### PROVIDED RECORDS
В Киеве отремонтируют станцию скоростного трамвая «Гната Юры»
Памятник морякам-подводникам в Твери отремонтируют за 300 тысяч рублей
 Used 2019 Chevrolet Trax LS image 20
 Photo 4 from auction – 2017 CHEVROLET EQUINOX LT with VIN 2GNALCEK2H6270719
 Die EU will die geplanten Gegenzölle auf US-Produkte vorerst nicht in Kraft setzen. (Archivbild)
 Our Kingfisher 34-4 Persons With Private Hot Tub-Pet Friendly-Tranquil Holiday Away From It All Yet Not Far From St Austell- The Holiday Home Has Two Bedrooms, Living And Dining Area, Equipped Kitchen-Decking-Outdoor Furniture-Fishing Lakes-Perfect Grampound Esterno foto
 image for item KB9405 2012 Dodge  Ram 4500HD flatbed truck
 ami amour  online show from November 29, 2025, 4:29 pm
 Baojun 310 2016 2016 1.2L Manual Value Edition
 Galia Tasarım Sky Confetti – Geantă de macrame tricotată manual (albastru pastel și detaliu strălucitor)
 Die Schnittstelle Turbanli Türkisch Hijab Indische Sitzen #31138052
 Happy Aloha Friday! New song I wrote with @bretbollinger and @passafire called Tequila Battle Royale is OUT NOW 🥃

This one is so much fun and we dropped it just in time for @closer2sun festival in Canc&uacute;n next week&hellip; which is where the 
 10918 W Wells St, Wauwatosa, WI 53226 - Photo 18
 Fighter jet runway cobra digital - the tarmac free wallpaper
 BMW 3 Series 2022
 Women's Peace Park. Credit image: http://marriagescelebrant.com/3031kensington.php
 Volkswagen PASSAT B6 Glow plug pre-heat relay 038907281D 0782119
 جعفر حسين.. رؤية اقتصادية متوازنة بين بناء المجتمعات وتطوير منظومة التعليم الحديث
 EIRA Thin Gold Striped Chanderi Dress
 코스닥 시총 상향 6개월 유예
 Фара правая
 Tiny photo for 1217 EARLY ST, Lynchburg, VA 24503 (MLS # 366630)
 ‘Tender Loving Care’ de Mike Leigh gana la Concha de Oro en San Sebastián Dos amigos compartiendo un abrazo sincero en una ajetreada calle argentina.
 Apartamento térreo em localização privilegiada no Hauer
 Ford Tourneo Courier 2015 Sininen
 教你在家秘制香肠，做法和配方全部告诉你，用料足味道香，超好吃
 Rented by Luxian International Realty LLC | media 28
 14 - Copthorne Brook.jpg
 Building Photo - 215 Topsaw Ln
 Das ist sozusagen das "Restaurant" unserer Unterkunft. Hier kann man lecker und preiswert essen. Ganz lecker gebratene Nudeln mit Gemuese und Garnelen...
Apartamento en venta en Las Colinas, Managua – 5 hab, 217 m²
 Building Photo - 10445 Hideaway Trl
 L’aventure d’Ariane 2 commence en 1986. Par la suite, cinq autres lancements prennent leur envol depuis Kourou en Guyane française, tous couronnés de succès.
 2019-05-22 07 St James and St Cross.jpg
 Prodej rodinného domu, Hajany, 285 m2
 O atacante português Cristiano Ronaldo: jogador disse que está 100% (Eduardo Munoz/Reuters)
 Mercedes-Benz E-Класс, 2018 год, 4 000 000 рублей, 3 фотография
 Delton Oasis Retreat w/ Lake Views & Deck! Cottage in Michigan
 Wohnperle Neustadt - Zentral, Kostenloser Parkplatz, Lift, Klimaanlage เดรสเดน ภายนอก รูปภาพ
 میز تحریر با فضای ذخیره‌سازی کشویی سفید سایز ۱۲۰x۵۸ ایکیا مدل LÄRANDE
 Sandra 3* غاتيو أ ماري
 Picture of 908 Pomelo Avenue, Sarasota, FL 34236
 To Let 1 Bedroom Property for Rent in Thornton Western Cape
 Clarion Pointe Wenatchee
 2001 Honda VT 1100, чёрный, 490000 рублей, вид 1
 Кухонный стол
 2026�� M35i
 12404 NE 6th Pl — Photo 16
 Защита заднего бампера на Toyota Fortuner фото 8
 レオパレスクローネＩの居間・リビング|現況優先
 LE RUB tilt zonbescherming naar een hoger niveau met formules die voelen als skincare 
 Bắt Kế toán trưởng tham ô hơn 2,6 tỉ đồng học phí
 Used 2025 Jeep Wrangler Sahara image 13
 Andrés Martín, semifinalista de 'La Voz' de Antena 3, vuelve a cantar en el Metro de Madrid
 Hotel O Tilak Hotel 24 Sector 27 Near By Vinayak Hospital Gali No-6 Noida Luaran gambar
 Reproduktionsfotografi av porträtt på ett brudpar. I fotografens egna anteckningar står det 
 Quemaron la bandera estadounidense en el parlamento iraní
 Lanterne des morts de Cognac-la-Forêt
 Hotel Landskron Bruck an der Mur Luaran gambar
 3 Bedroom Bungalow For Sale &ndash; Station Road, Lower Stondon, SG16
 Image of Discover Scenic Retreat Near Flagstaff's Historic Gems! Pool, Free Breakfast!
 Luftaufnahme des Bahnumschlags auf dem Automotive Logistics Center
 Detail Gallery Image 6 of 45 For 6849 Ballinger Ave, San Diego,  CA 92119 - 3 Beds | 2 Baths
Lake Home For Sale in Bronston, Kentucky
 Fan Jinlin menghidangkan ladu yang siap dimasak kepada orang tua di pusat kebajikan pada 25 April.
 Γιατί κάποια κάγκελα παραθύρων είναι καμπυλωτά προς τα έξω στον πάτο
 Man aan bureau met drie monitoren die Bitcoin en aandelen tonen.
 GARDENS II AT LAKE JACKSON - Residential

### GOAL OF THE EXERCISE
Copy verbatim, from the listing above, each line from the one containing "Apartamento en venta" down to the one containing "3 Bedroom Bungalow", inclusive.

### TASK RESULT
Apartamento en venta en Las Colinas, Managua – 5 hab, 217 m²
 Building Photo - 10445 Hideaway Trl
 L’aventure d’Ariane 2 commence en 1986. Par la suite, cinq autres lancements prennent leur envol depuis Kourou en Guyane française, tous couronnés de succès.
 2019-05-22 07 St James and St Cross.jpg
 Prodej rodinného domu, Hajany, 285 m2
 O atacante português Cristiano Ronaldo: jogador disse que está 100% (Eduardo Munoz/Reuters)
 Mercedes-Benz E-Класс, 2018 год, 4 000 000 рублей, 3 фотография
 Delton Oasis Retreat w/ Lake Views & Deck! Cottage in Michigan
 Wohnperle Neustadt - Zentral, Kostenloser Parkplatz, Lift, Klimaanlage เดรสเดน ภายนอก รูปภาพ
 میز تحریر با فضای ذخیره‌سازی کشویی سفید سایز ۱۲۰x۵۸ ایکیا مدل LÄRANDE
 Sandra 3* غاتيو أ ماري
 Picture of 908 Pomelo Avenue, Sarasota, FL 34236
 To Let 1 Bedroom Property for Rent in Thornton Western Cape
 Clarion Pointe Wenatchee
 2001 Honda VT 1100, чёрный, 490000 рублей, вид 1
 Кухонный стол
 2026�� M35i
 12404 NE 6th Pl — Photo 16
 Защита заднего бампера на Toyota Fortuner фото 8
 レオパレスクローネＩの居間・リビング|現況優先
 LE RUB tilt zonbescherming naar een hoger niveau met formules die voelen als skincare 
 Bắt Kế toán trưởng tham ô hơn 2,6 tỉ đồng học phí
 Used 2025 Jeep Wrangler Sahara image 13
 Andrés Martín, semifinalista de 'La Voz' de Antena 3, vuelve a cantar en el Metro de Madrid
 Hotel O Tilak Hotel 24 Sector 27 Near By Vinayak Hospital Gali No-6 Noida Luaran gambar
 Reproduktionsfotografi av porträtt på ett brudpar. I fotografens egna anteckningar står det 
 Quemaron la bandera estadounidense en el parlamento iraní
 Lanterne des morts de Cognac-la-Forêt
 Hotel Landskron Bruck an der Mur Luaran gambar
 3 Bedroom Bungalow For Sale &ndash; Station Road, Lower Stondon, SG16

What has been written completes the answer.